Entries supplied —
-------

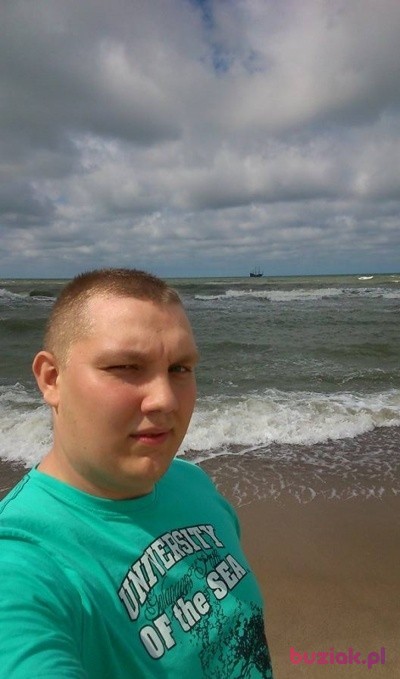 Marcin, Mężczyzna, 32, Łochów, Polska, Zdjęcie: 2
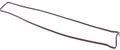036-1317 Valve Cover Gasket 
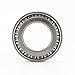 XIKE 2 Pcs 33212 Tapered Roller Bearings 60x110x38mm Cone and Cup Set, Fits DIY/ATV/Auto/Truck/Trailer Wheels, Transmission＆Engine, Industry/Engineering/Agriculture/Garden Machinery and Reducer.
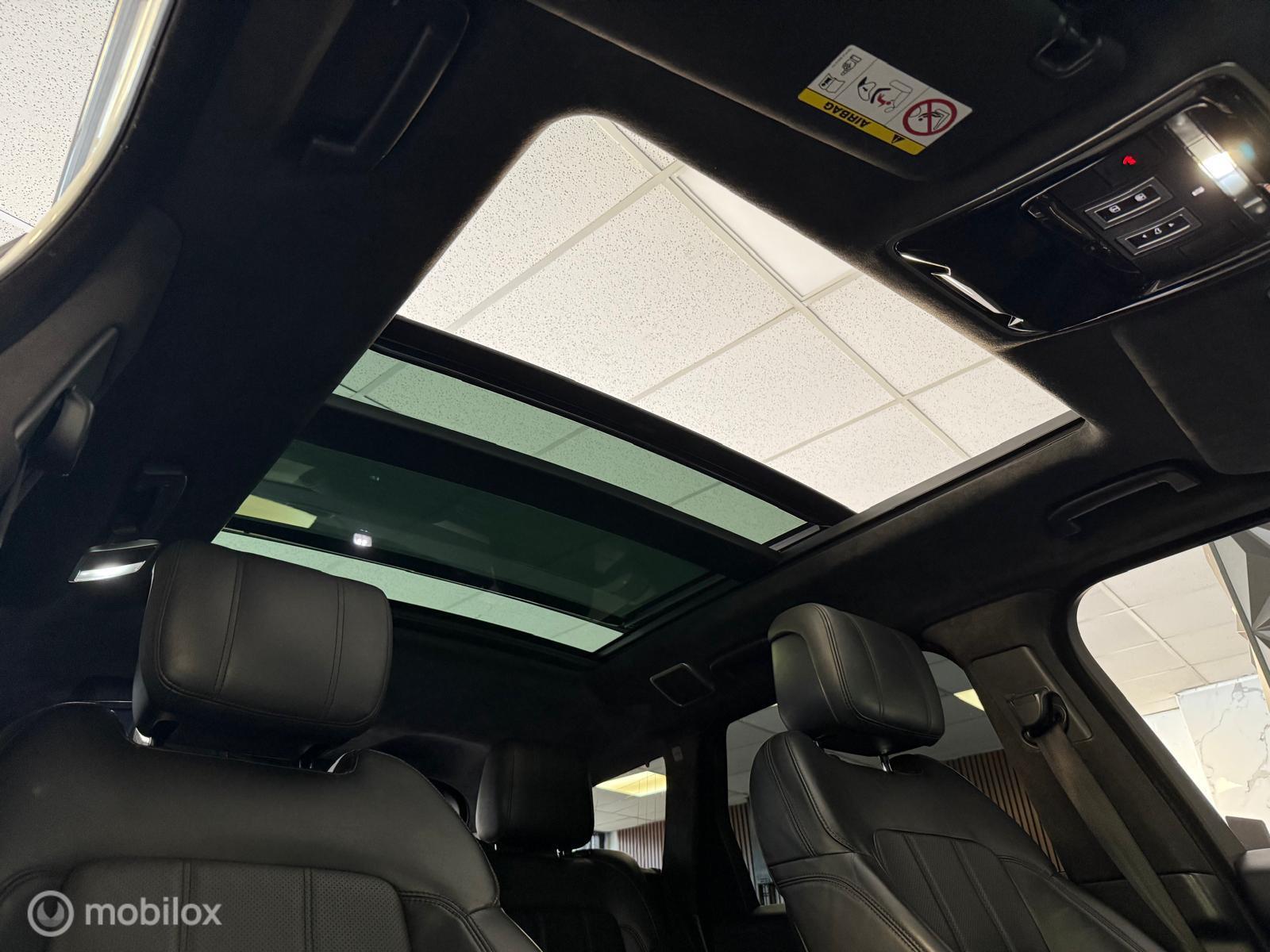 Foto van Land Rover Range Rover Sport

-------

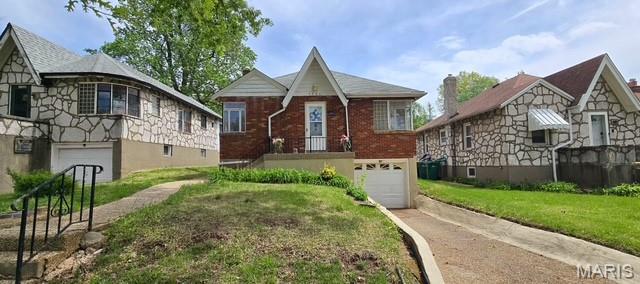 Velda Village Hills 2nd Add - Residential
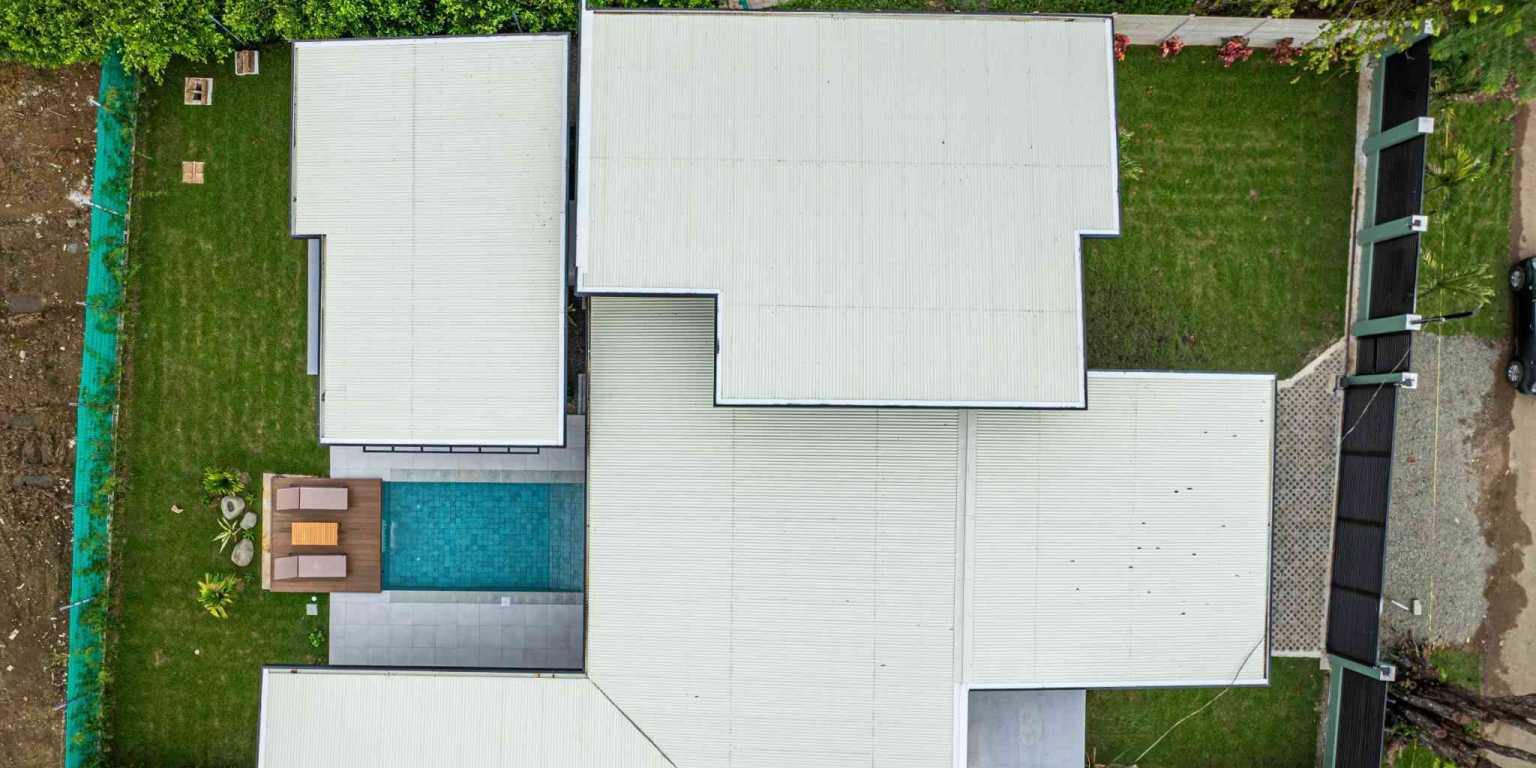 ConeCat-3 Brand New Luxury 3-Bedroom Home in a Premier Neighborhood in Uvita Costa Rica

-------

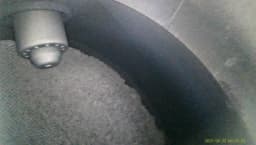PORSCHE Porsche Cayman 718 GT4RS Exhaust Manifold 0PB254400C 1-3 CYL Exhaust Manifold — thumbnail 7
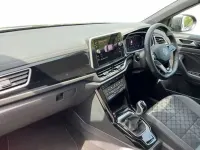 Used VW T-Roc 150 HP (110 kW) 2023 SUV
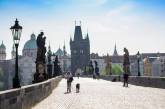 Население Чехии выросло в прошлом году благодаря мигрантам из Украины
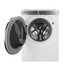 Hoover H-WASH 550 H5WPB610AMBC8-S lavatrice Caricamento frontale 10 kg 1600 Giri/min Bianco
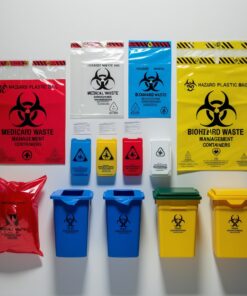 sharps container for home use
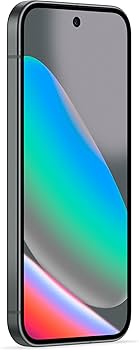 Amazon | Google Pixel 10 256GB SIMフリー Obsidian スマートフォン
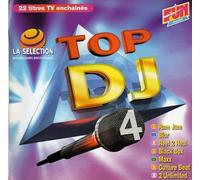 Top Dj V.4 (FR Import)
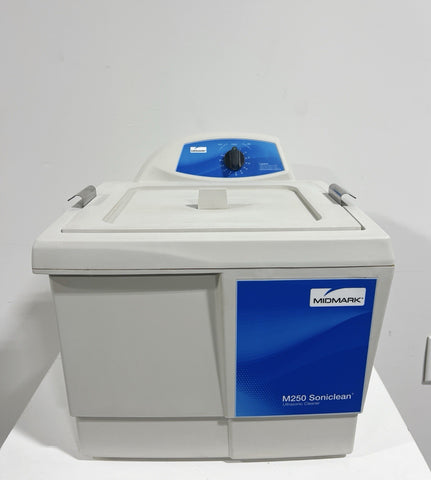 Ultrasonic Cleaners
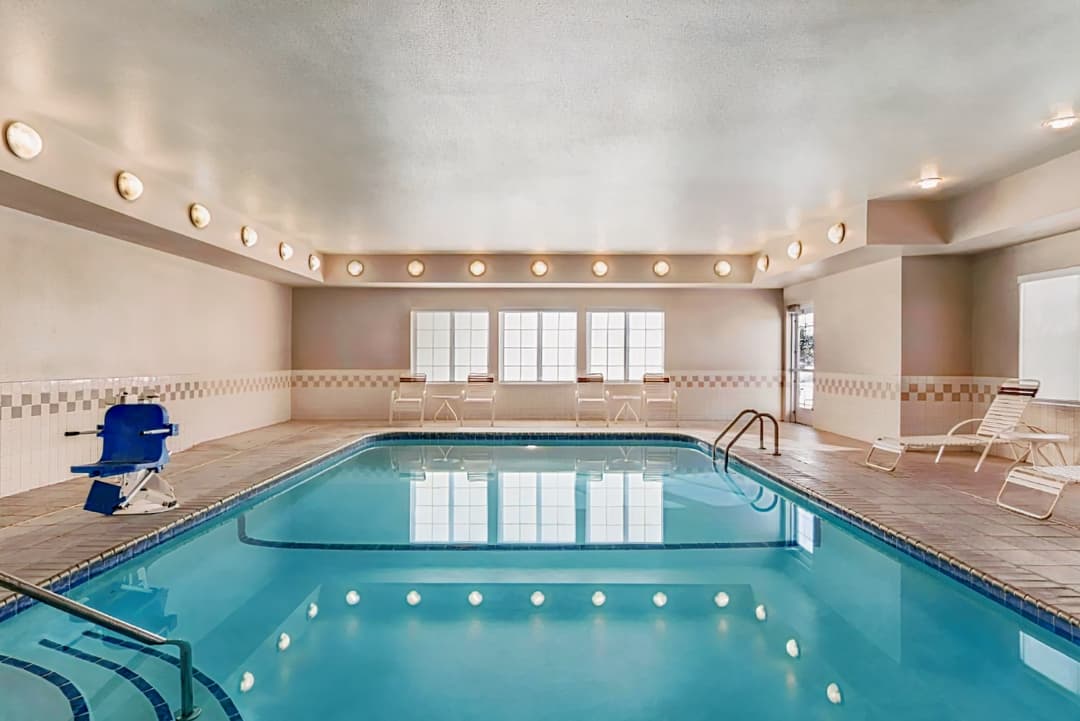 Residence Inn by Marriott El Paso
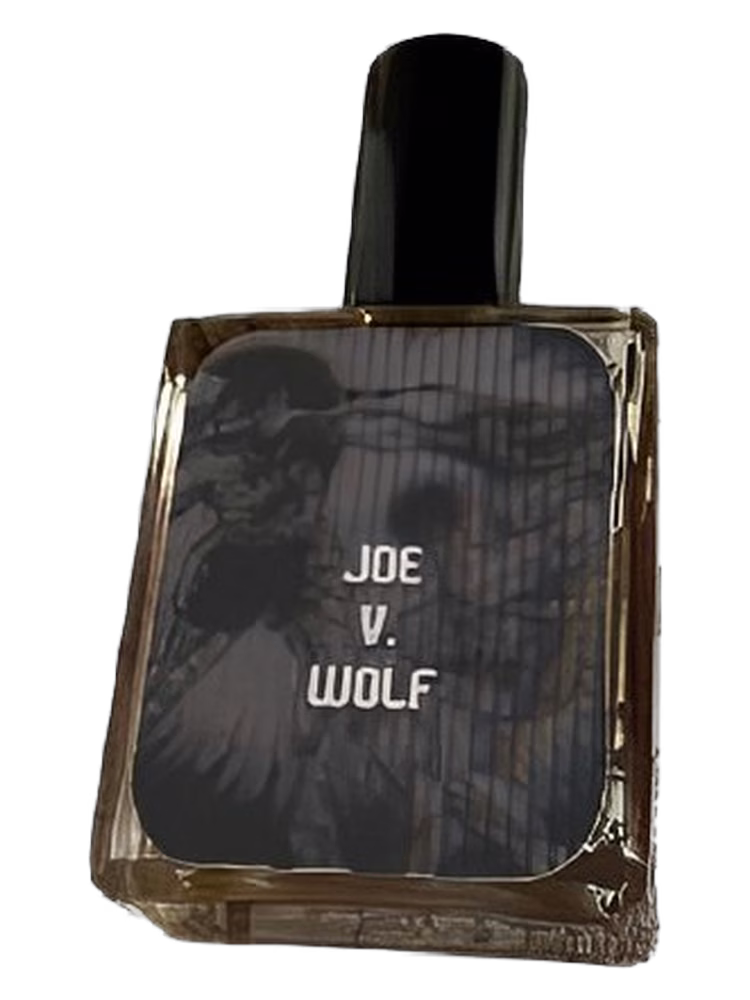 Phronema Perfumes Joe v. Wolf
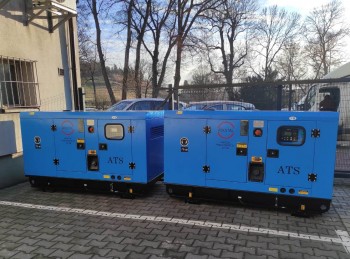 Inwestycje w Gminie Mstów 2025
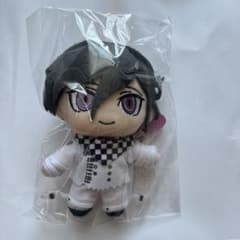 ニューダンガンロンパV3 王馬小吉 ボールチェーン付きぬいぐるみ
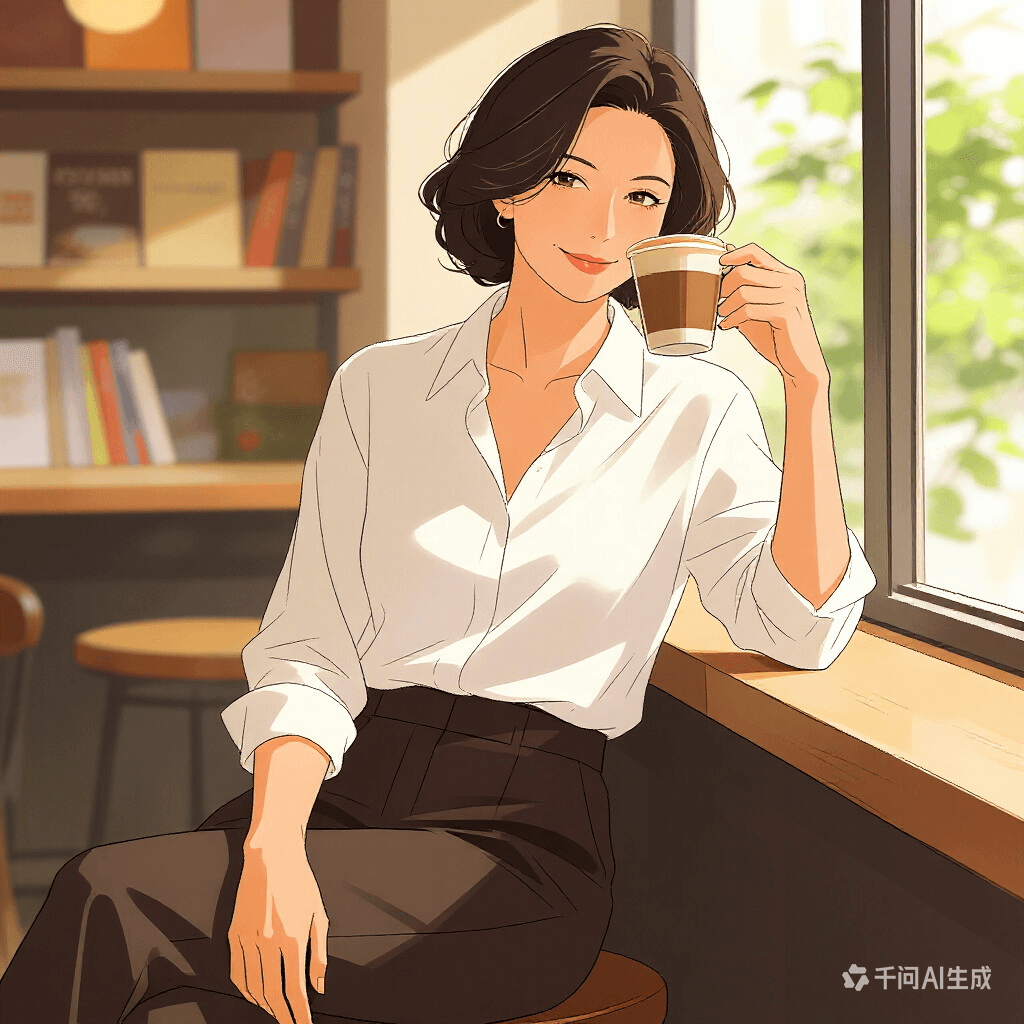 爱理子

-------

Above are some records; extract exactly the lines from the one containing "036-1317 Valve Cover Gasket" through the one containing "Foto van Land Rover Range Rover Sport" and drop the pictures.

Written answer —
036-1317 Valve Cover Gasket 
 XIKE 2 Pcs 33212 Tapered Roller Bearings 60x110x38mm Cone and Cup Set, Fits DIY/ATV/Auto/Truck/Trailer Wheels, Transmission＆Engine, Industry/Engineering/Agriculture/Garden Machinery and Reducer.
 Foto van Land Rover Range Rover Sport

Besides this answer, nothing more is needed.